This week, I also revisited a shooting location I had scouted before. It’s an old Signal Service Station that has since been turned into a pizza parlor. In order to photograph it, I had to move a lot of benches and other furniture, but hopefully, it will turn out pretty good. As soon as I process the final image, I’ll post it up here.
The Signal Station I photographed in Portland.
This coming week, I’ll be spending a lot of time preparing for my creativeLIVE course on June 10-11. The class is called “Photoshop Mastery: Retouching & Collage” and is part of the Photoshop Mastery series I’ve been teaching once a month. As with all creativeLIVE classes, it’s completely free to watch while it’s live. If you like what you see, you can purchase the course to watch (and re-watch) whenever you want. As I mentioned above, the classes is June 10 and 11, and runs from 9 am to 4 om PST. I hope you can tune in!
Ben: I'm a traveling Photoshop guru who loves to explore everything unique and extraordinary. I'm a photographer, former graphic designer and world traveler.
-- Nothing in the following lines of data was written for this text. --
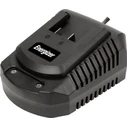Φορτιστής Εργαλείων Energizer 2.2A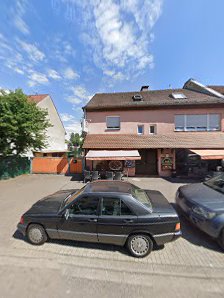 Antep's Küche – Bild 7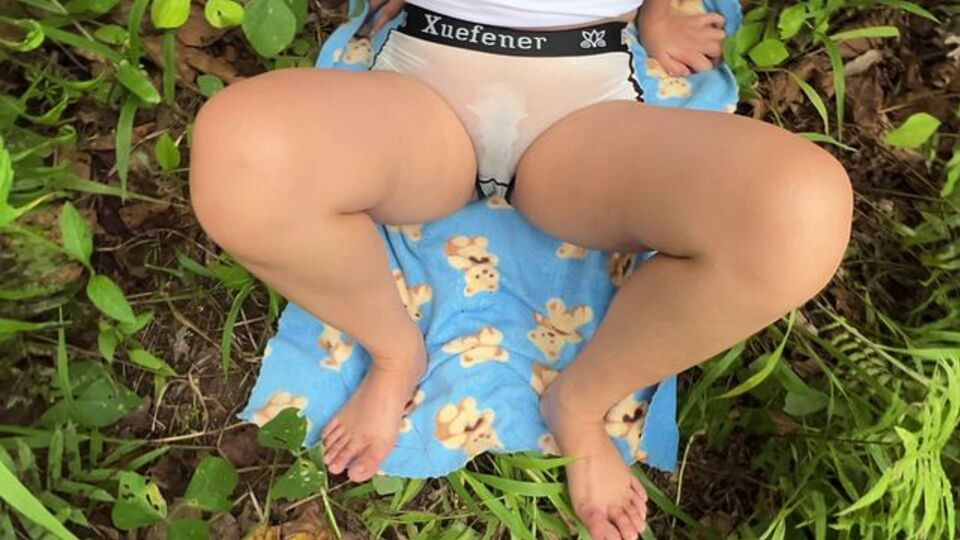Nature Lover PH's pinay trailer by Verified Amateurs Free Porn Videos | BestPornHubs.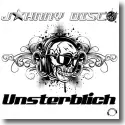 Cover:  Johnny Disco - Unsterblich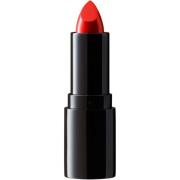 IsaDora Perfect Moisture Lipstick 215 Classic Red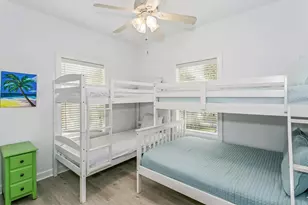 1464 Sonata Ct, Navarre, FL 32566 - Photo 28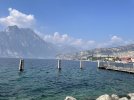IMG_0319.jpeg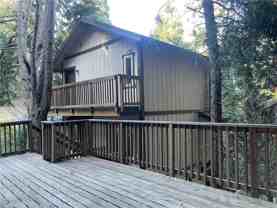 23878 Lakeview Dr - Photo 1 of 1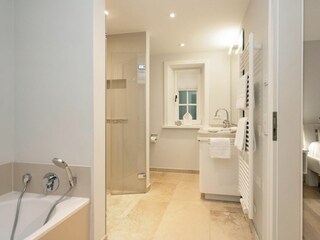 Casa per le vacanze Keitum Caratteristiche 34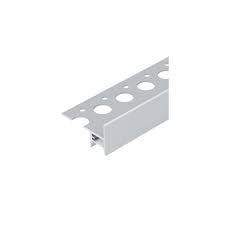 SE SETIA ELECTRIC 3M ALUMINIUM PROFILE (SILVER+OPAL ) A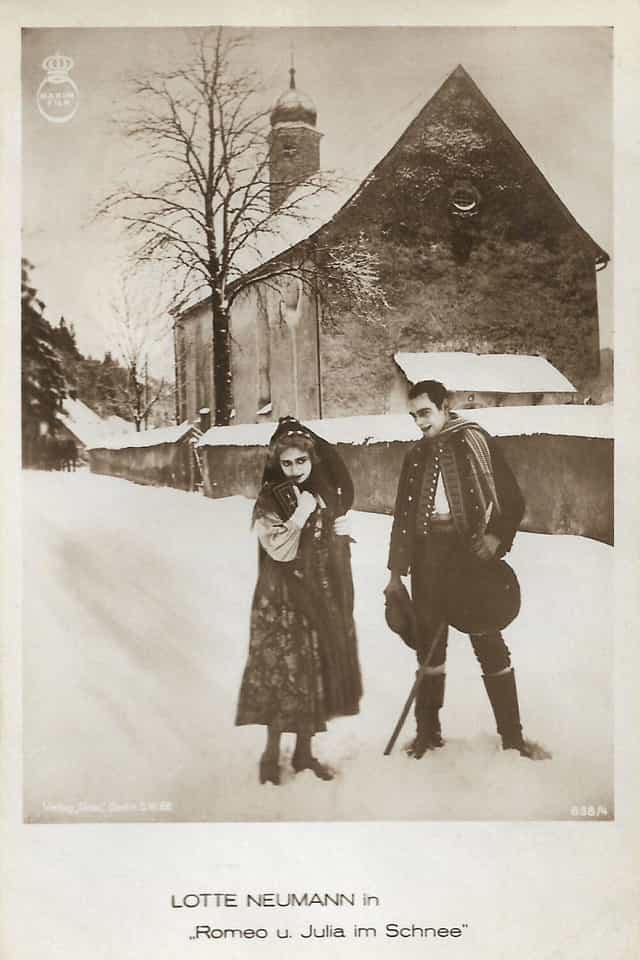 184250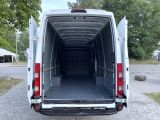 Iveco Daily bei Reisemobile.expert - Abbildung (10 / 10)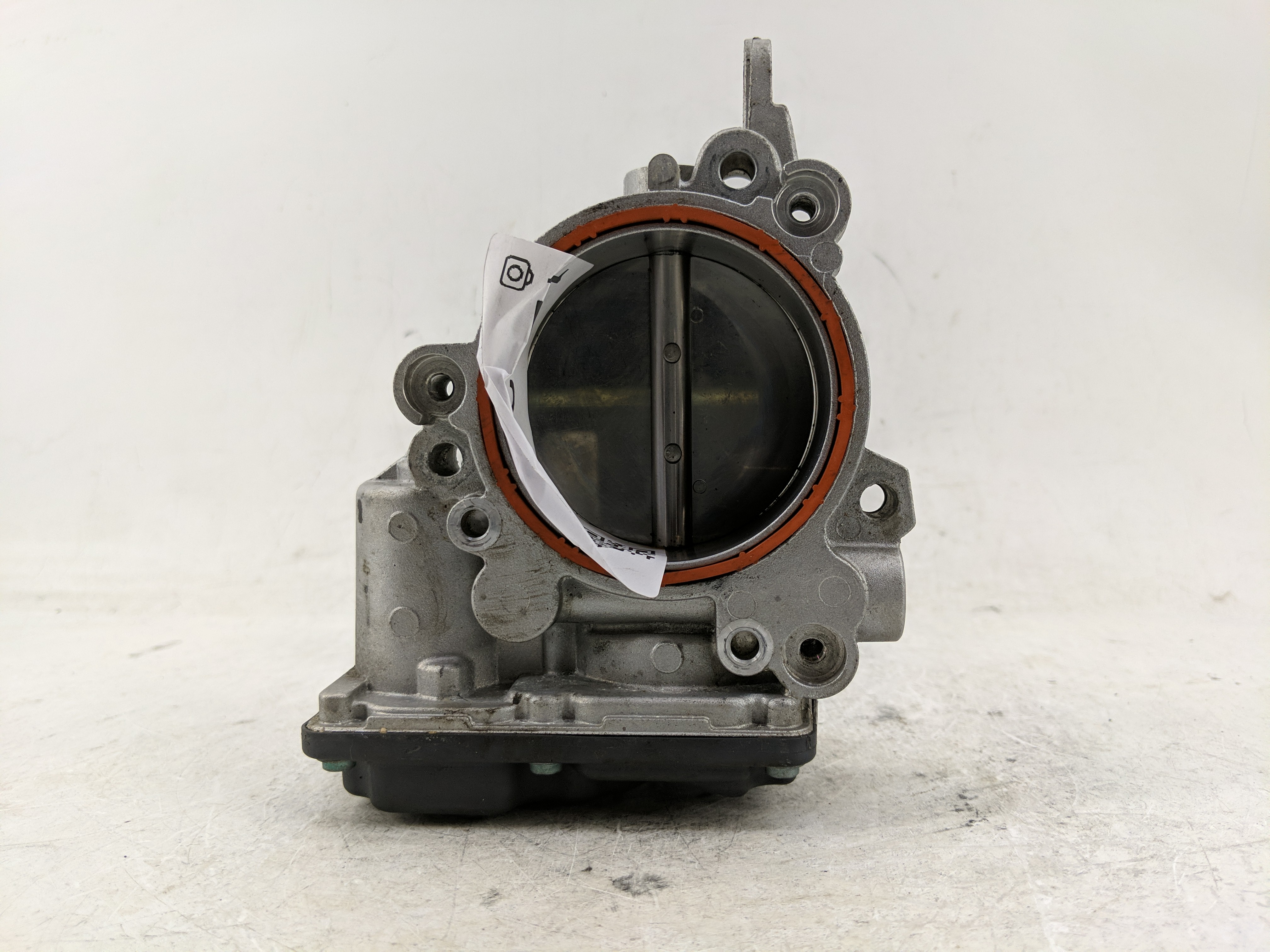 Picture of 2017-2021 Bmw 330i Throttle Body 1233629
Back on March 14th of 2006, I got sick of sitting still and waiting for my next vacation, so I sold 98% of my material possessions and started living on a tour bus and the rest is history.
Karen: I’m a photographer and graphic designer with an aptitude for anything involving pixels. I love being on the move, exploring the world and capturing it all with my camera. I joined Ben living on the road January 24th, 2010. For more on my work and play, visit my web site.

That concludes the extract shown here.